The struggle was almost over. 

Later, in the 1981 IOC meeting in Baden-Baden, Germany many important decisions were made and announced to the press. There, hidden in the press coverage of Olympics news in all newspapers, was the fact that women had finally won the right to compete in an Olympic Marathon!

The much awaited announcement came after an 88 year wait or should I say, some dreams buried in the sands of ancient Athens finally came true!

Coubertin once said, “The role of the woman remains what it has always been: she is above all man’s companion, the future mother; and must be educated with that unchanging future in mind.”

The history of women’s running has reflections in all of our lives.
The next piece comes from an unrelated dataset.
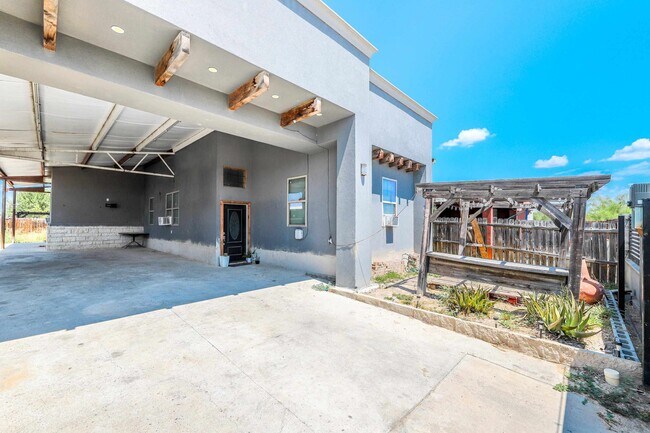 Building Photo - 104 Palo de Rosa Lp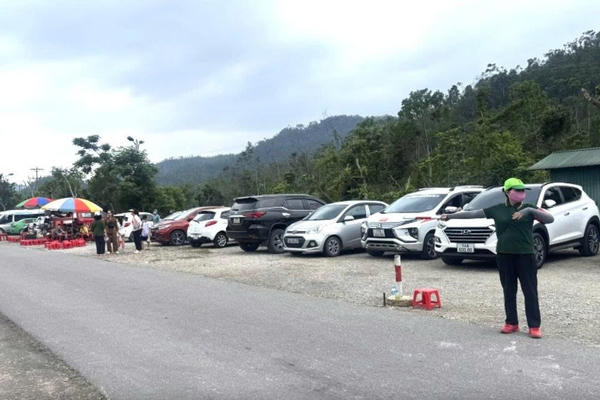 Từ 20/2, miễn phí vé trông giữ phương tiện tại Khu di tích danh thắng Yên Tử Từ 20/2, miễn phí vé trông giữ phương tiện tại Khu di tích danh thắng Yên Tử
How many times have women been told that something is not for them to do and they are best suited to play a specific role?

How many times have women been told to grow up, be practical and see that certain dreams are just not for them?

Many more times women have been ridiculed for simply endeavouring a new venture and many have tried to reinforce that home is where her place is.

How many times have women themselves believed in their restricted lives?

At the same time, there have been inspiring women in history who didn’t stop dreaming, kept pushing, and ran through the roadblocks.

I hadn’t intended to make a feminist statement. I was running against the distance [not the men] and I was measuring myself with my own potential.”

Roberta Gibb in 1972

Freedom is knowing and deciding what you are capable of or meant to do then walk the path one step at a time. Who are we to decide what the other cannot do?

Let’s believe we CAN and in the words of Abraham Lincoln ‘Whatever you are, be a good one’!